I had a very strick and obsessive mother. Age 16 I moved in with my Dad.

29 now amd not seen her in 6 years.

Nanny0gg · 22/08/2023 14:40

Stoptheworldpls · 22/08/2023 09:28

Yeah your ex husband shouldn't have lied.
But maybe he sees how his daughter is so restricted with you. She was clearly safe and brought up well enough to not doing anymore more stupid than an all nighter.

I had a very strick and obsessive mother. Age 16 I moved in with my Dad.

29 now amd not seen her in 6 years.

And that's why you think letting a 14 year-old roam the streets at night is acceptable?

Nanaof1 · 25/08/2023 19:35

FerryPink · 21/08/2023 00:13

Oh I agree. I was so naive before I experienced the family courts. As a solicitor (practising in a very different field) it was utterly eye opening , in a devastating way.

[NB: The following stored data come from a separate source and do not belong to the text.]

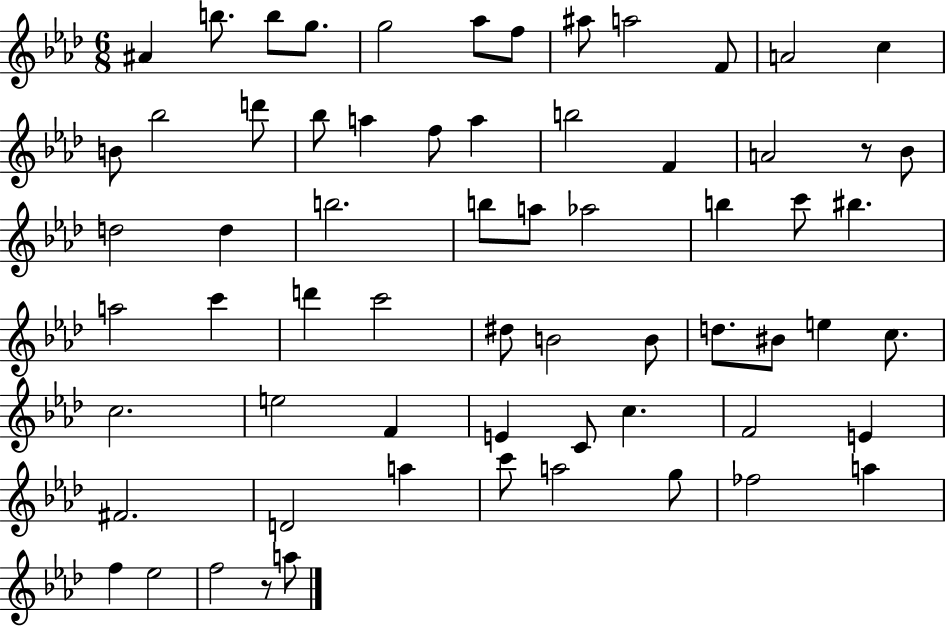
{
  \clef treble
  \numericTimeSignature
  \time 6/8
  \key aes \major
  ais'4 b''8. b''8 g''8. | g''2 aes''8 f''8 | ais''8 a''2 f'8 | a'2 c''4 | \break b'8 bes''2 d'''8 | bes''8 a''4 f''8 a''4 | b''2 f'4 | a'2 r8 bes'8 | \break d''2 d''4 | b''2. | b''8 a''8 aes''2 | b''4 c'''8 bis''4. | \break a''2 c'''4 | d'''4 c'''2 | dis''8 b'2 b'8 | d''8. bis'8 e''4 c''8. | \break c''2. | e''2 f'4 | e'4 c'8 c''4. | f'2 e'4 | \break fis'2. | d'2 a''4 | c'''8 a''2 g''8 | fes''2 a''4 | \break f''4 ees''2 | f''2 r8 a''8 | \bar "|."
} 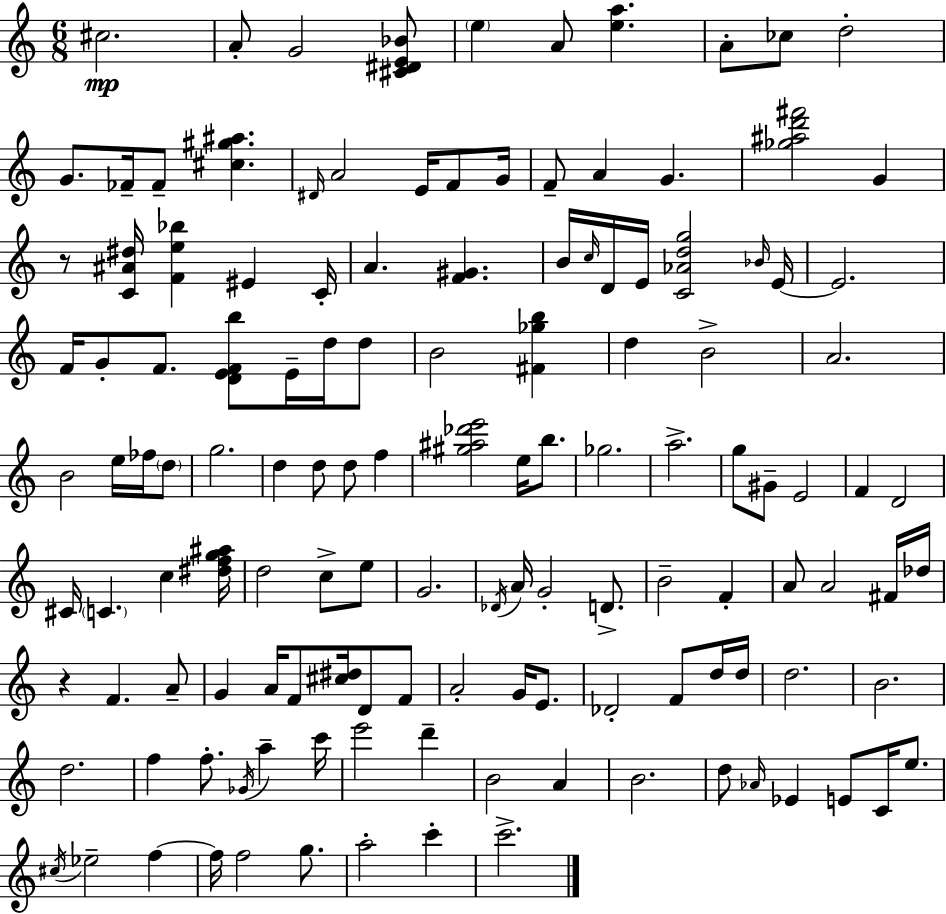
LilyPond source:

{
  \clef treble
  \numericTimeSignature
  \time 6/8
  \key c \major
  \repeat volta 2 { cis''2.\mp | a'8-. g'2 <cis' dis' e' bes'>8 | \parenthesize e''4 a'8 <e'' a''>4. | a'8-. ces''8 d''2-. | \break g'8. fes'16-- fes'8-- <cis'' gis'' ais''>4. | \grace { dis'16 } a'2 e'16 f'8 | g'16 f'8-- a'4 g'4. | <ges'' ais'' d''' fis'''>2 g'4 | \break r8 <c' ais' dis''>16 <f' e'' bes''>4 eis'4 | c'16-. a'4. <f' gis'>4. | b'16 \grace { c''16 } d'16 e'16 <c' aes' d'' g''>2 | \grace { bes'16 } e'16~~ e'2. | \break f'16 g'8-. f'8. <d' e' f' b''>8 e'16-- | d''16 d''8 b'2 <fis' ges'' b''>4 | d''4 b'2-> | a'2. | \break b'2 e''16 | fes''16 \parenthesize d''8 g''2. | d''4 d''8 d''8 f''4 | <gis'' ais'' des''' e'''>2 e''16 | \break b''8. ges''2. | a''2.-> | g''8 gis'8-- e'2 | f'4 d'2 | \break cis'16 \parenthesize c'4. c''4 | <dis'' f'' g'' ais''>16 d''2 c''8-> | e''8 g'2. | \acciaccatura { des'16 } a'16 g'2-. | \break d'8.-> b'2-- | f'4-. a'8 a'2 | fis'16 des''16 r4 f'4. | a'8-- g'4 a'16 f'8 <cis'' dis''>16 | \break d'8 f'8 a'2-. | g'16 e'8. des'2-. | f'8 d''16 d''16 d''2. | b'2. | \break d''2. | f''4 f''8.-. \acciaccatura { ges'16 } | a''4-- c'''16 e'''2 | d'''4-- b'2 | \break a'4 b'2. | d''8 \grace { aes'16 } ees'4 | e'8 c'16 e''8. \acciaccatura { cis''16 } ees''2-- | f''4~~ f''16 f''2 | \break g''8. a''2-. | c'''4-. c'''2.-> | } \bar "|."
} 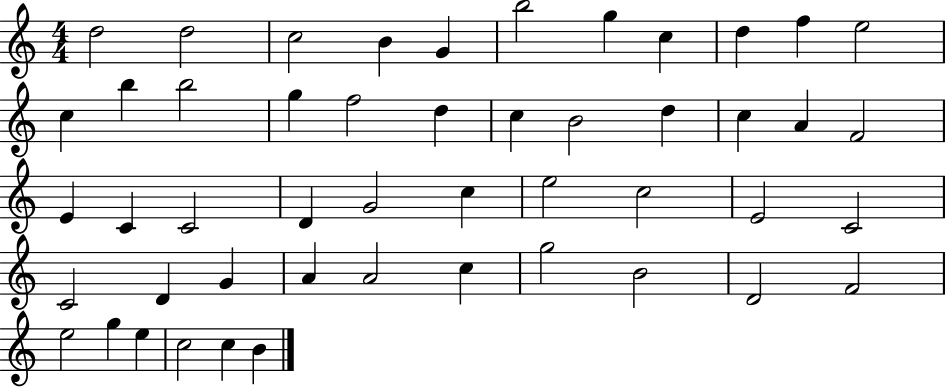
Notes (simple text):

D5/h D5/h C5/h B4/q G4/q B5/h G5/q C5/q D5/q F5/q E5/h C5/q B5/q B5/h G5/q F5/h D5/q C5/q B4/h D5/q C5/q A4/q F4/h E4/q C4/q C4/h D4/q G4/h C5/q E5/h C5/h E4/h C4/h C4/h D4/q G4/q A4/q A4/h C5/q G5/h B4/h D4/h F4/h E5/h G5/q E5/q C5/h C5/q B4/q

They wouldnt keep my son safe from his dad and in the end my poor son decided to refuse to go, which was horrendous, the poor boy was broken as he loved his dad he just didn't feel at all safe there (his dad put his life at risk in a very deliberate way)

I am so very sorry that this happened to you and your DS. Sometimes it sounds like family court is for anything but the family. I hope your DS is doing better now. He's lucky to have you in his corner.

Nanaof1 · 25/08/2023 19:38

Jojofjo44 · 21/08/2023 09:00

14 year olds, particularly girls, think they're invincible, far more mature than they actually are, and don't worry about consequences of their actions. However you punish her will have little effect.
I'd sit her down, with her phone and say she has one last chance to keep it, but you want full disclosure, and an adult conversation about her time on the parks.
Ask her how she feels about curfews, ask about yours and your exes parenting style (they sound wildly different), and ask why she felt that it was OK to put herself into danger by staying out all night. Emphasise that you trust her, but not other people and outside influences. Ask what she would have done if she was injured, attacked, got lost. Communicate with her rather than punish.

Great post. Well-thought-out and the best advice.